Parameters: y : array_like Dependent variable. x : array_like or None, optional Independent variable. If None, use arange(len(y)) instead. method : {‘hierarchical’, ‘separate’} If ‘hierarchical’, estimate the intercept using the estimated slope medslope (default option). If ‘separate’, estimate the intercept independent of the estimated slope. See Notes for details. medslope : float Estimate of the slope of the regression line. medintercept : float Estimate of the intercept of the regression line.

theilslopes
a similar technique without repeated medians

Notes

With n = len(y), compute m_j as the median of the slopes from the point (x[j], y[j]) to all other n-1 points. medslope is then the median of all slopes m_j. Two ways are given to estimate the intercept in [1] which can be chosen via the parameter method. The hierarchical approach uses the estimated slope medslope and computes medintercept as the median of y - medslope*x. The other approach estimates the intercept separately as follows: for each point (x[j], y[j]), compute the intercepts of all the n-1 lines through the remaining points and take the median i_j. medintercept is the median of the i_j.

The implementation computes n times the median of a vector of size n which can be slow for large vectors.
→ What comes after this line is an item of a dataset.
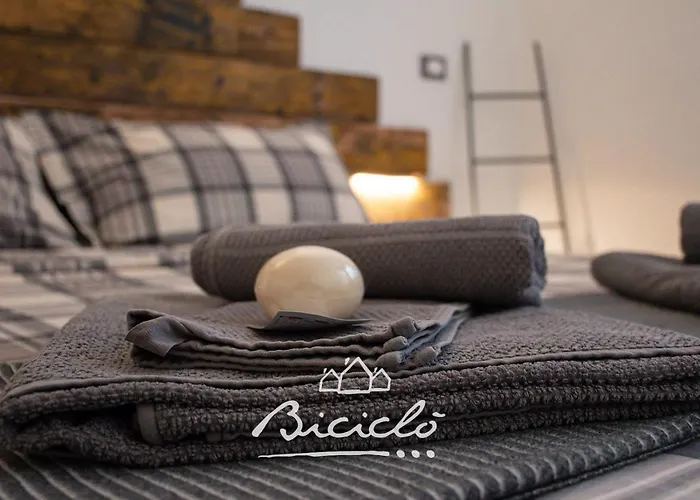 Apartament Biciclo' Rosso Ferrara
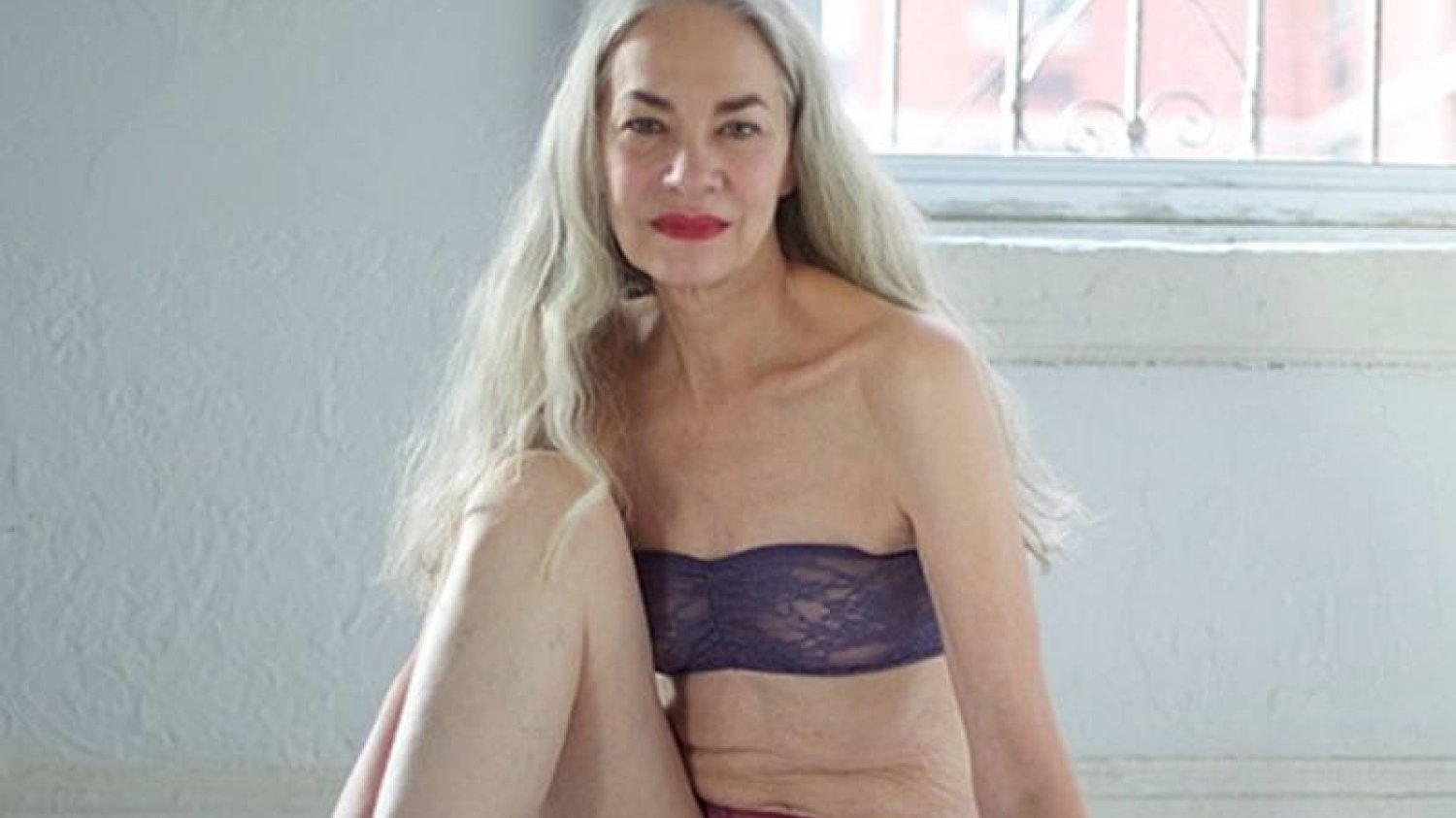 62 letnia modelka reklamuje bieliznę w najnowszej kampanii Reklamowej American Apparel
There are more efficient algorithms (see [2]) which are not implemented here.

References

 [1] (1, 2, 3) A. Siegel, “Robust Regression Using Repeated Medians”, Biometrika, Vol. 69, pp. 242-244, 1982.
 [2] (1, 2) A. Stein and M. Werman, “Finding the repeated median regression line”, Proceedings of the Third Annual ACM-SIAM Symposium on Discrete Algorithms, pp. 409-413, 1992.

Examples

>>> from scipy import stats
>>> import matplotlib.pyplot as plt

>>> x = np.linspace(-5, 5, num=150)
>>> y = x + np.random.normal(size=x.size)
>>> y[11:15] += 10  # add outliers
>>> y[-5:] -= 7


Compute the slope and intercept. For comparison, also compute the least-squares fit with linregress:

>>> res = stats.siegelslopes(y, x)
>>> lsq_res = stats.linregress(x, y)


Plot the results. The Siegel regression line is shown in red. The green line shows the least-squares fit for comparison.

>>> fig = plt.figure()